The presumable audience for Enlighten Up! is skeptics; not only of yoga, the documentary’s subject, but of guruism in general—the notion that self-actualization can be had by leaping onto a philosophical bandwagon. Director Kate Churchill, appearing on camera throughout the film, is hardly shy about her own reservations with yoga, despite practicing an Americanized version of it for years as a physical fitness and calming technique. Hoping to assuage her (and our) intense doubt over the fad, she recruits an out-of-work anti-transcendentalist journalist (Nick Rosen) and submits him to a globe-spanning crash course in body-contorting postures and mind-numbing Eastern philosophy in the hopes of achieving Bodhisattva by proxy.

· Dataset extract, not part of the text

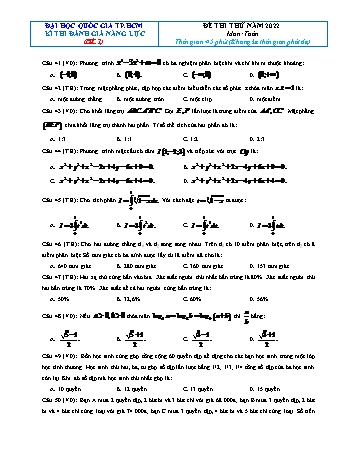 Bộ 10 đề thi đánh giá năng lực môn Toán - Năm học 2022-2023 - Trường Đại học Quốc gia Thành phố Hồ Chí Minh (Có đáp án)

Churchill’s interpretation of the Super Size Me premise poses an intriguing challenge to the godless viewer, who subconsciously yearns to be proselytized so that he can prove himself impervious to the delusion of religious transformation. We root whole-heartedly for Nick, the film’s symbol for our incredulousness, since he reveals himself as a tough atheist nut to crack. But as Nick and Kate explore yoga’s many manifestations, the deck appears increasingly stacked. How can the most bizarre adherents of an essentially spiritualist institution convert a pragmatist, especially one with such clichéd filial angst (we learn eventually that Nick’s worldview springs from friction between his practical, legal counselor father and his spacey, New Age mother)?
Furthermore, the most advanced yogis the filmmakers interview (Norman Allen and the remarkable B.K.S. Iyengar) suggest that yoga has no desire to argue with agnosticism in the first place: The technique is simply one of many distinct paths to the destination of self-fulfillment. This truism, affixed as a denouement, renders the entire film as a trifle silly—particularly the trumped up sparring between Churchill, who feels Nick’s heart isn’t in the project, and guinea pig Rosen, who’s merely holding his own as an occidental fish out of water. Enlighten Up! examines the astounding diversity and confused historical background of its subject quite well, but the central gimmick inspires one to paraphrase guruji Louis Armstrong: He who has to ask what yoga is never gets to know.